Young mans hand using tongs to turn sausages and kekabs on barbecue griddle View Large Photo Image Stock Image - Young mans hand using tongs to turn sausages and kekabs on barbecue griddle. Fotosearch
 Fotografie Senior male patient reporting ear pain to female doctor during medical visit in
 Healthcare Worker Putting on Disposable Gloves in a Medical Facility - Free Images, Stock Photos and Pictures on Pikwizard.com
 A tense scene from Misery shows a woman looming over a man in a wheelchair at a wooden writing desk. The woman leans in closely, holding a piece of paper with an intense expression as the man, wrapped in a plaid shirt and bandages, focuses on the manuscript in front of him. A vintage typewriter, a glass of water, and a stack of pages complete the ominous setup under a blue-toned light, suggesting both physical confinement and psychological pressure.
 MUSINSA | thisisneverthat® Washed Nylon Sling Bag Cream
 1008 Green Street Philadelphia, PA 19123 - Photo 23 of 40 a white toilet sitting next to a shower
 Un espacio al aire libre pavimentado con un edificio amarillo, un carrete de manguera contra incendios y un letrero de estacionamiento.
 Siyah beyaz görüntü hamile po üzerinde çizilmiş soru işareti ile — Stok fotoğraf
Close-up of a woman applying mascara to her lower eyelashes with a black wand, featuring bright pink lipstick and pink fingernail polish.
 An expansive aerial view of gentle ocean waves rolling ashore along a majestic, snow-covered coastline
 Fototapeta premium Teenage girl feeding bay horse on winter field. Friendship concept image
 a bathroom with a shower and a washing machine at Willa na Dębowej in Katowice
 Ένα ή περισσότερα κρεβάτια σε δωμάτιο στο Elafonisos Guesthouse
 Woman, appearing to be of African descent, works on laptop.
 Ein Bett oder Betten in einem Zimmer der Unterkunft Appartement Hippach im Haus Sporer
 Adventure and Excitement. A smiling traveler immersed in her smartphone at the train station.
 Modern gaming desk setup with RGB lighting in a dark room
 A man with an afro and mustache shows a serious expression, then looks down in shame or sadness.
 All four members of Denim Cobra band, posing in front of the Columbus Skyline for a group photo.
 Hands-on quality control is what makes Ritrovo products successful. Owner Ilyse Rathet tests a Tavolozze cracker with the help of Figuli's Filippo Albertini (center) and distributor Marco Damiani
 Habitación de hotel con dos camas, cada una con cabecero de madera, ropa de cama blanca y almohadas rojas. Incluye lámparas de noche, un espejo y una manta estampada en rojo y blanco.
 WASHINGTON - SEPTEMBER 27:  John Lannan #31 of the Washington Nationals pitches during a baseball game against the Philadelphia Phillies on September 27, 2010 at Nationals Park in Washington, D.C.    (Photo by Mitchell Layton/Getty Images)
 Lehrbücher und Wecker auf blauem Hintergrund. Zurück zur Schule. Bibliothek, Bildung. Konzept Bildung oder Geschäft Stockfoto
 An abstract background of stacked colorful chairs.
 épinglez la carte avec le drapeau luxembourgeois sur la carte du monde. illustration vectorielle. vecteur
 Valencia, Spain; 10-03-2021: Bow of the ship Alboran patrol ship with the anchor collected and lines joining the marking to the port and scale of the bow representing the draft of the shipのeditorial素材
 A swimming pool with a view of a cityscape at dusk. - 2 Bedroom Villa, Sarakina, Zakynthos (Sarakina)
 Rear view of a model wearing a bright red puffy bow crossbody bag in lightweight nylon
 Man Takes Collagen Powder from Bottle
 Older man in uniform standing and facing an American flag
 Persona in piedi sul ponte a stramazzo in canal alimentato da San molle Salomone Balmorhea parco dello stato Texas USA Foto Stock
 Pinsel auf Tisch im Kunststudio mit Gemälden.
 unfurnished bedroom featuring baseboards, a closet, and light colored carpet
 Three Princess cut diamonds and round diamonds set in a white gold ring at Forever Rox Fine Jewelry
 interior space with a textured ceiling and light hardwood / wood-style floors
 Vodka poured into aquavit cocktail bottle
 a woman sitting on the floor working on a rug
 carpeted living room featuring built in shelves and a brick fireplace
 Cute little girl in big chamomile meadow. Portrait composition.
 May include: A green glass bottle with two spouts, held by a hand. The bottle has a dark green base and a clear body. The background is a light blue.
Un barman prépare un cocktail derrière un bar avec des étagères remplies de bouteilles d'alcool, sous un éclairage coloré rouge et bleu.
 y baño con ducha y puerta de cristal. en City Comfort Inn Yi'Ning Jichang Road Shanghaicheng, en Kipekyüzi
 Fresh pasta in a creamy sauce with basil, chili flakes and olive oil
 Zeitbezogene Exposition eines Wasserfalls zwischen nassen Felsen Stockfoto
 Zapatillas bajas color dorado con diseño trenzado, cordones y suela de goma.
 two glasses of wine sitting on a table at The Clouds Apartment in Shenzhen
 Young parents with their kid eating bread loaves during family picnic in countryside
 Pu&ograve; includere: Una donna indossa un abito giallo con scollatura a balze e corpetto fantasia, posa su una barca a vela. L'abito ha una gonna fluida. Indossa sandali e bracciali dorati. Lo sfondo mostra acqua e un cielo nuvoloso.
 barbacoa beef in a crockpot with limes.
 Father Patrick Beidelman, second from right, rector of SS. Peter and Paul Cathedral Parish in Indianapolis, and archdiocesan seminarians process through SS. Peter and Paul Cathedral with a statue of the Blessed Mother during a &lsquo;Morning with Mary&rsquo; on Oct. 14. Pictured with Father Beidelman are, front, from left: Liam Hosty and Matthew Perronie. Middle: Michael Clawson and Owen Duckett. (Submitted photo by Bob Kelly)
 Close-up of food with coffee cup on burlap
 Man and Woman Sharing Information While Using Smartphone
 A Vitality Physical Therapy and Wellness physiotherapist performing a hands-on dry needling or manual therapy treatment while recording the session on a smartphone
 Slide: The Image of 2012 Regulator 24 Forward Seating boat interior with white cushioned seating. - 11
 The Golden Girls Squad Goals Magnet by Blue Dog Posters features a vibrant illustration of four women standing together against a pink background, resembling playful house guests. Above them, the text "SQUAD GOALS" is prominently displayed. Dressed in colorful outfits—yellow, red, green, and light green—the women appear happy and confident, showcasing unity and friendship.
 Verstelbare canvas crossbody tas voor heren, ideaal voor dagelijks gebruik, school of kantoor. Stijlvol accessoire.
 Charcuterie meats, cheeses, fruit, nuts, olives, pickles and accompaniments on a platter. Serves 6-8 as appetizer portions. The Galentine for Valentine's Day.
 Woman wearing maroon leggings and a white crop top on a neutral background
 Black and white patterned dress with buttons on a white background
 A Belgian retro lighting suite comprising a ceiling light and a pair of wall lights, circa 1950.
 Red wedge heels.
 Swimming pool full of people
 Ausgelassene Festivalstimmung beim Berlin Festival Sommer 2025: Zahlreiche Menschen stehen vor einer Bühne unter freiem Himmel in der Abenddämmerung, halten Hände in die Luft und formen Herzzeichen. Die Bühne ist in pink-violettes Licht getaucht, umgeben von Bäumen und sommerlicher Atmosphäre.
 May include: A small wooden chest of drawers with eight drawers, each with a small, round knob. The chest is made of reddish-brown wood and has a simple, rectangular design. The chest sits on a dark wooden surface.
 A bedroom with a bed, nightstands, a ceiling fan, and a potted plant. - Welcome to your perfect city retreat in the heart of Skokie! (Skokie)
--------
* **DIRECTIONS FOR THIS TASK**: Wherever the word "crossbody" appears in a line of the data above, copy that line.

* **ANSWER SPACE**:
 Rear view of a model wearing a bright red puffy bow crossbody bag in lightweight nylon
 Verstelbare canvas crossbody tas voor heren, ideaal voor dagelijks gebruik, school of kantoor. Stijlvol accessoire.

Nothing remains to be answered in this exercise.